Task goal
An exact copy of the records is needed; please leave the images out.
(Available data)
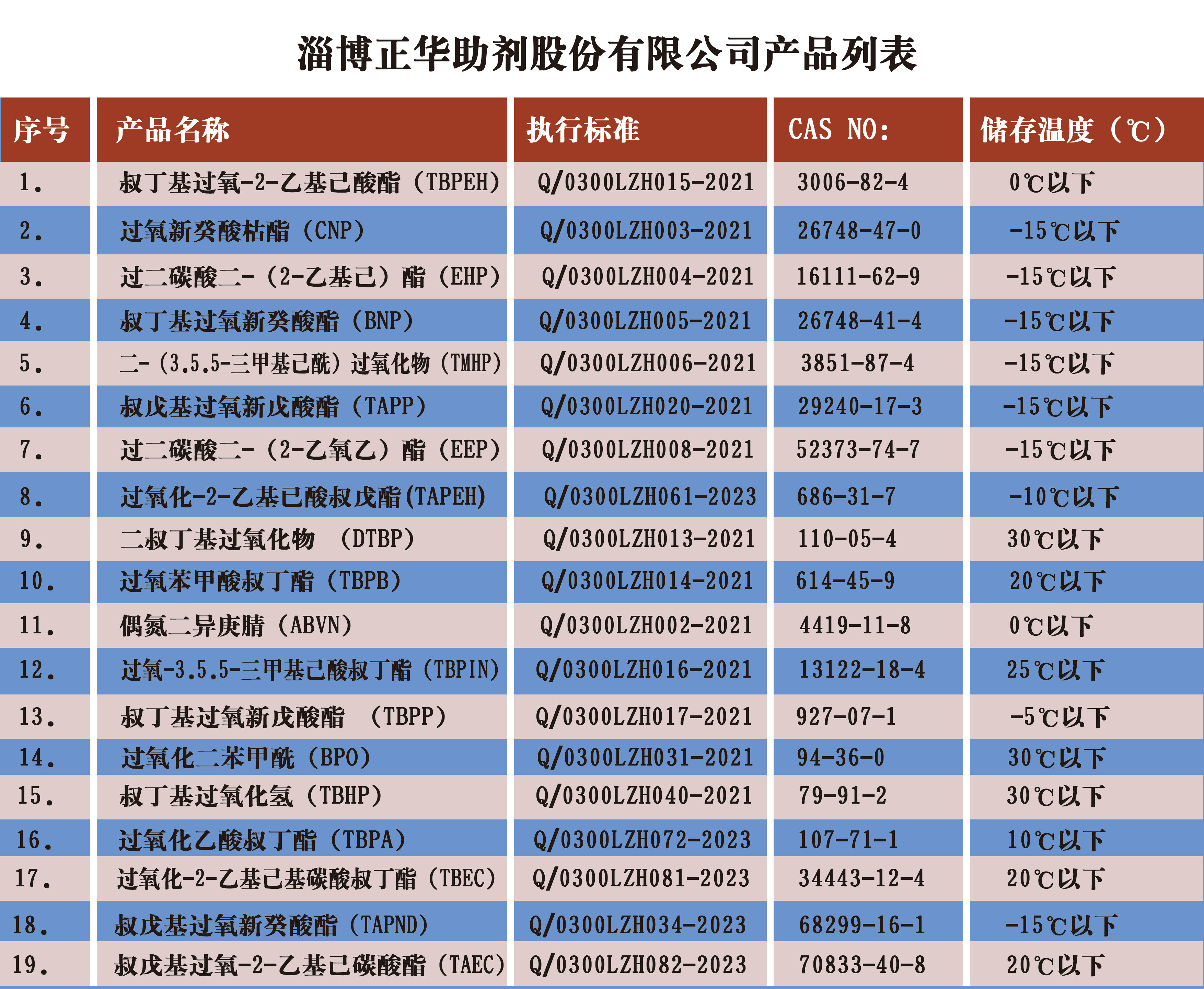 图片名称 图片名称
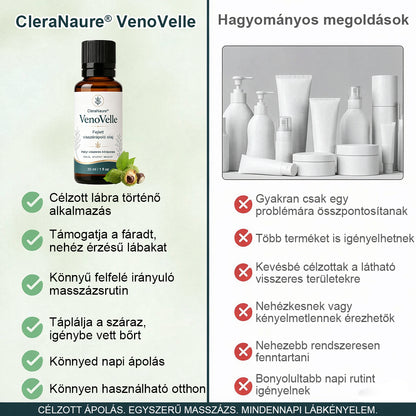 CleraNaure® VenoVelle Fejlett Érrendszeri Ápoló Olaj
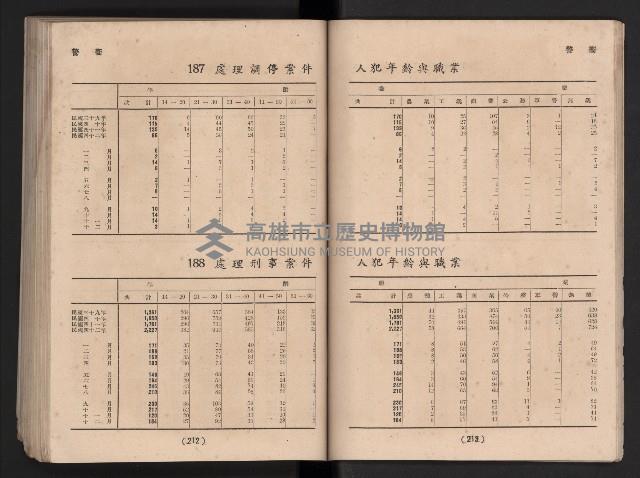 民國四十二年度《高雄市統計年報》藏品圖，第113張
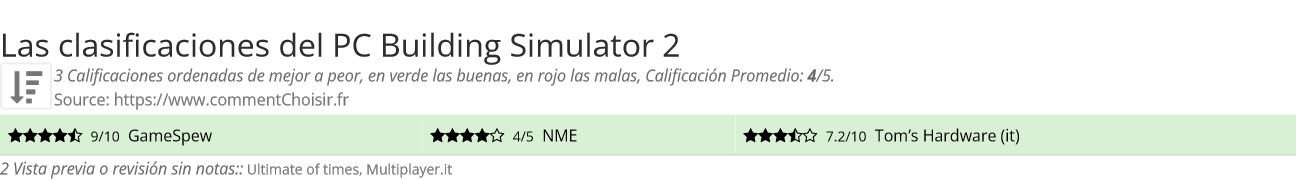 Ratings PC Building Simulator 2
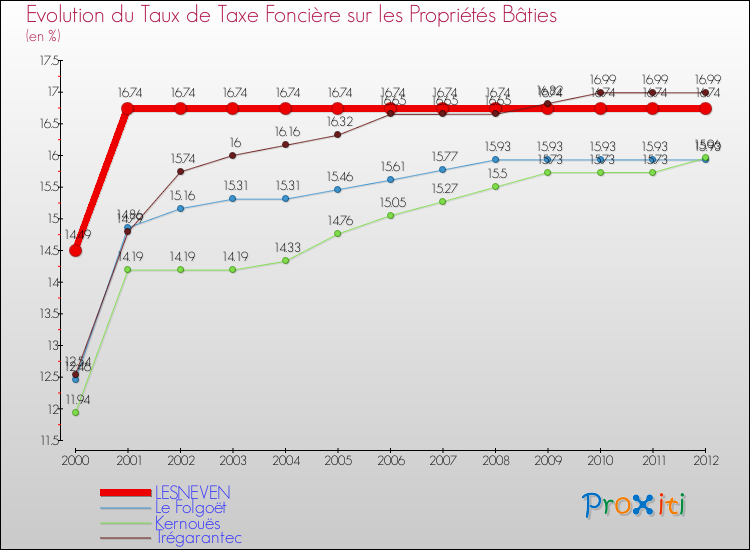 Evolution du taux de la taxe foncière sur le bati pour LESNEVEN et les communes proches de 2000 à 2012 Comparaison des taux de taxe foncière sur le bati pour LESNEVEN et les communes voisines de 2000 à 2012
(End Available data)
Exercise answer
 图片名称 图片名称
 CleraNaure® VenoVelle Fejlett Érrendszeri Ápoló Olaj
 民國四十二年度《高雄市統計年報》藏品圖，第113張
 Ratings PC Building Simulator 2
 Evolution du taux de la taxe foncière sur le bati pour LESNEVEN et les communes proches de 2000 à 2012 Comparaison des taux de taxe foncière sur le bati pour LESNEVEN et les communes voisines de 2000 à 2012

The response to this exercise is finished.